The Right Time and Right Place: Investing in Latin American Agriculture

Posted by on April 23rd, 2014 | 0 Comments »

Edona Dervisholli GHI Policy InternBy Edona Dervisholli, GHI Policy Intern

Investing in Latin America’s agriculture is a vital step towards meeting the growing world food demand. The environment in the Latin America and the Caribbean (LAC) is suitable for a more productive system of agriculture, but this must be done in a sustainable way to conserve natural resources.

This week the Global Harvest Initiative (GHI) and the Inter-American Development Bank (IDB) released our collaborative paper, The Next Global Breadbasket: How Latin America Can Feed the World, recommending investments for increasing sustainable agricultural productivity in Latin American and the Caribbean (LAC) region.

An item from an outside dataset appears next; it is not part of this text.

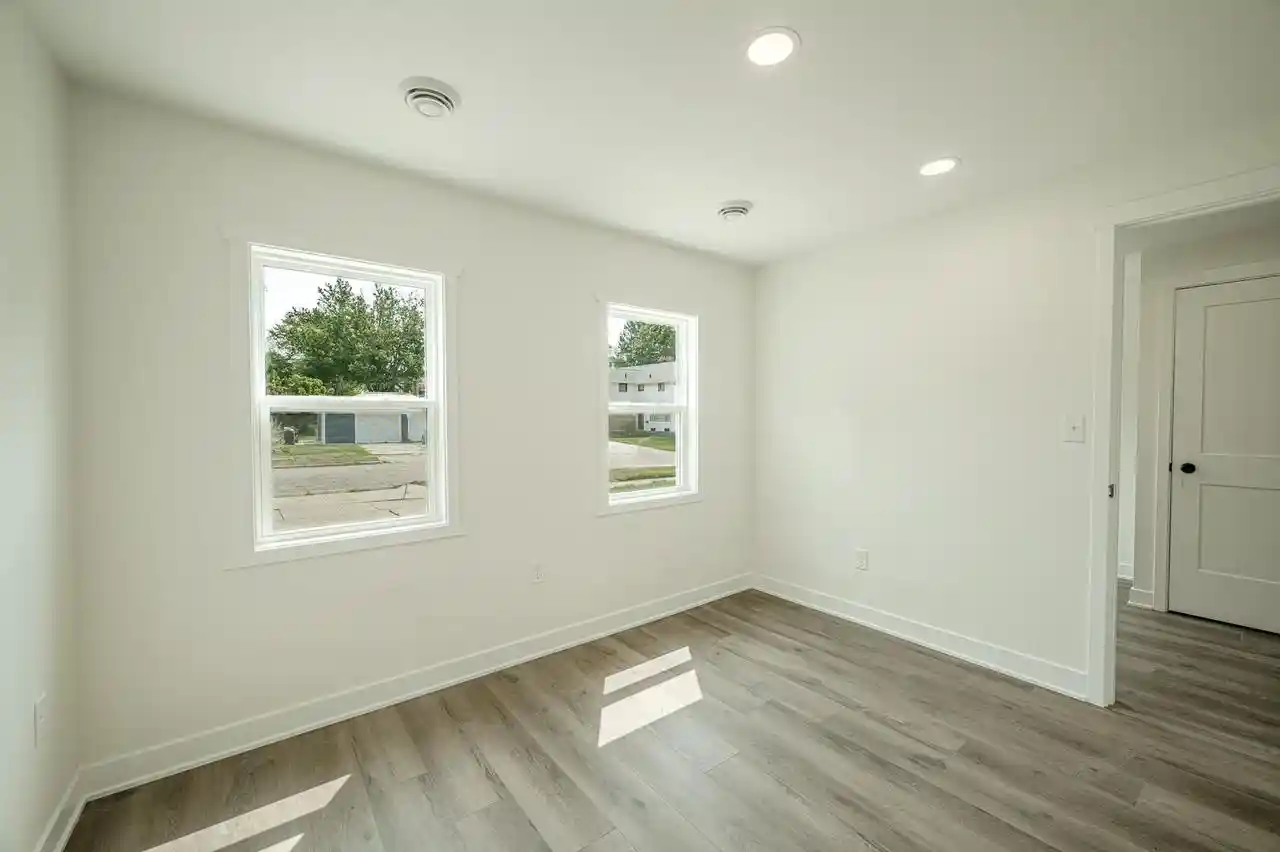 2nd image of 2313 15th Avenue Avenue, Monroe, WI 53566 | MLS# 2029231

LAC has a solid foundation for creating more productive and sustainable agriculture systems.  Countries such as Brazil, Argentina and Mexico have already grown in importance as food exporters, significantly increasing their share of global agricultural output over the last half century. Compared to other regions of the world, LAC is unique. GHI’s 2013 GAP Report estimates that “if the LAC region maintains its current Total Factor Productivity (TFP)” growth rate of 2.67 percent per year, food demand within the region can be met and exceeded by 2030, enabling the region as a whole to vastly increase its contributions to global agricultural markets and thereby increase its share of food and agricultural exports.” In East Asia only 79 percent of total demand can be met and in Sub-Sahara Africa only 25 percent.  These two regions will require imports as well as investments in their own agriculture systems to meet their food demand in the coming decades. LAC has successfully produced some of world’s most needed products such as soybeans, coffee, sugar, beef, poultry, bananas, citrus and maize.

So, why does agriculture investment need to take place now? To provide the needed food, fuel, feed and fiber by 2050, we must double our agriculture output and it must be sustainable. The next 10 to 20 years offer a critical window of opportunity to advance new forms of productive and environmentally sustainable agriculture in regions such as LAC to be part of the solution. In particular, investments in agricultural research and development require sufficient lead time to create impact at the farm level, so putting in place and ramping up investments in agricultural R&D must happen now to ensure impact in the next decades.